Quien conduce este vehículo es Marineli, costalero de la Virgen del Rocío con la cerviz hinchada tras los ensayos. Se afana también en el corte de las ramas con una navaja de grandes dimensiones que, por unos momentos, recuerda la escena en que San Pedro le corta la oreja a Malco. De aquello han transcurrido ya 2.025 años. Ahora, en este Getsemaní del siglo XXI, se escucha el ruido de la motosierra que el manijero emplea con gran facilidad. La complicidad con Baquero es tal que ya coinciden a la hora de elegir las ramas. Un olivo, situado en uno de los extremos de la finca, es el que más material proporciona. Lo dejan prácticamente desmochado.
El trabajo está encarrilado. Una vez encontradas las varetas superiores y laterales, que formarán el contorno, queda cortar las de relleno. Aquí debe primar que contengan muchas hojas verdes. Para ello, es preferible la especie de olivo gordal.
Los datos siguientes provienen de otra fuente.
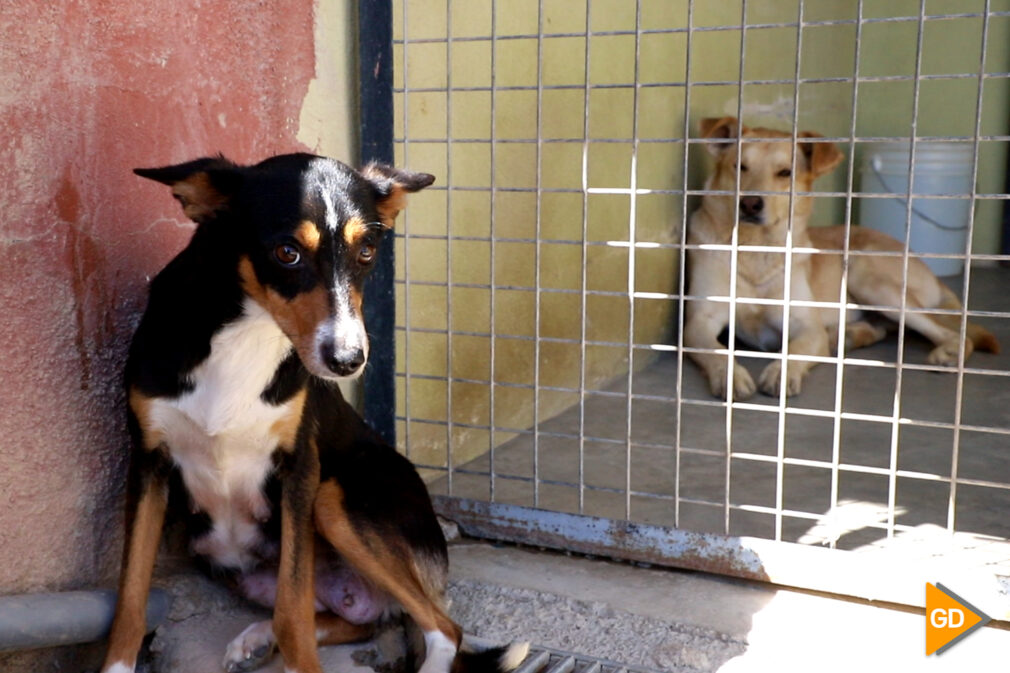 Así funciona el día a día del refugio de la asociación Rescate Animal Granada - CeliaPerez (1)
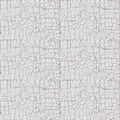 Gray craquelure texture Royalty Free Stock Photo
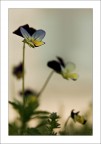 Viole Viole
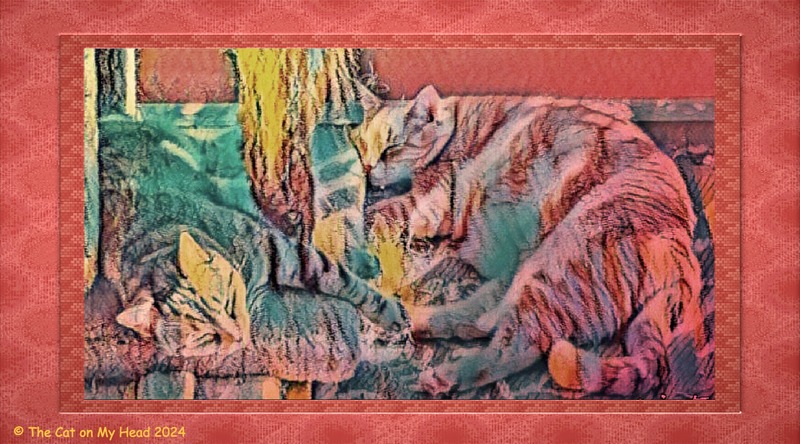 3500th post For our 3500th post we are sharing art of two kitties napping.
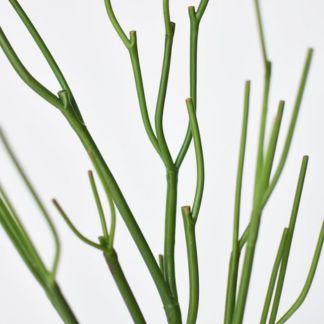 Pencil Cactus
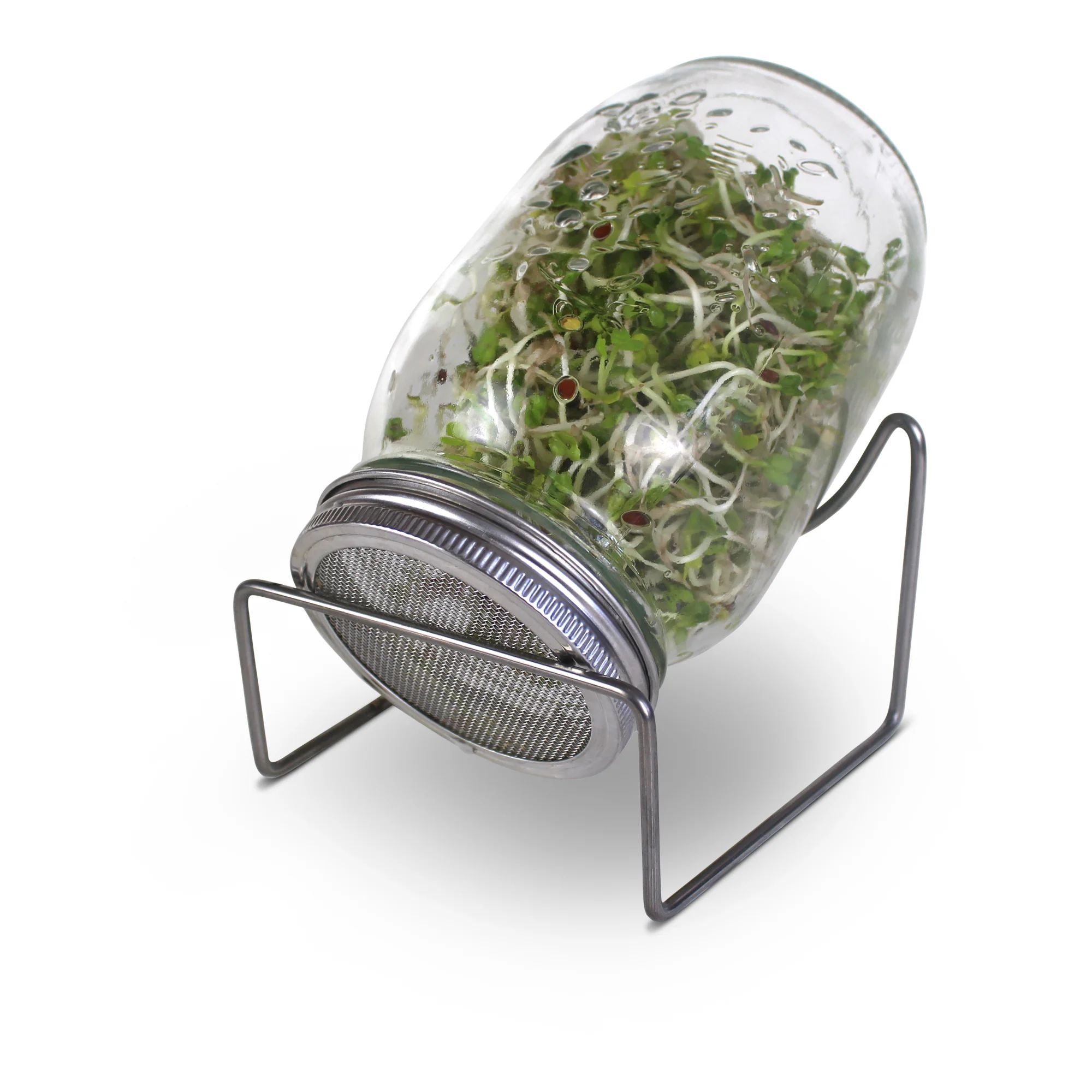 Bocal à germination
La cita de este sábado incluye clases prácticas. Francisco García enseña a un joven de la Redención a usar la motosierra. La furgoneta ya ha alcanzado un lleno considerable. “Como sigamos así, vamos a tener para montar tres pasos de misterio con olivos”, refiere uno de ellos. Se recibe una llamada de teléfono de la priostía. Se apremia a acabar el trabajo. Los esperan en Santiago.
Un tronco de Castillo Lastrucci
El padre del manijero acude con el fotógrafo al cortijo. Quiere que tome imágenes de las instalaciones. A los hermanos de la Redención les queda la segunda parte de la jornada, la más intensa. En darle forma al olivo se tarda unas siete horas. Las ramas se irán colocando en el tronco que talló Castillo Lastrucci.
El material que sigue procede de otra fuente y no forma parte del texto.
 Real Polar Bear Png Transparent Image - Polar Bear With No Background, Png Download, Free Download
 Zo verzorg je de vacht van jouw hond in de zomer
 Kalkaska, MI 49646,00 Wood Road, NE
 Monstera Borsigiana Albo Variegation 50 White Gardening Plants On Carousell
Francisco García es poco aficionado a las cofradías. Acudió el año pasado el Lunes Santo a Sevillla para ver cómo se mecía el olivo que había salido de sus manos. Lo hizo con su mujer, hija y yerno. La primera y última. “Todo el día con un libro en la mano, corriendo de un sitio pá otro, sin poder entrar en un bar porque todos estaban llenos”. Certera crónica de Semana Santa para quien tiene en un mar de olivos su hábitat natural, que no cambia por nada.
Llega la hora de regresar a la capital. Encima de las sudaderas corporativas de la hermandad queda el rastro de hojas de olivo. Los coches toman de nuevo por la senda de tierra. En el campo se queda el manijero con su padre. En la soledad de un Getsemaní donde, eso sí, no hay beso de traición alguno.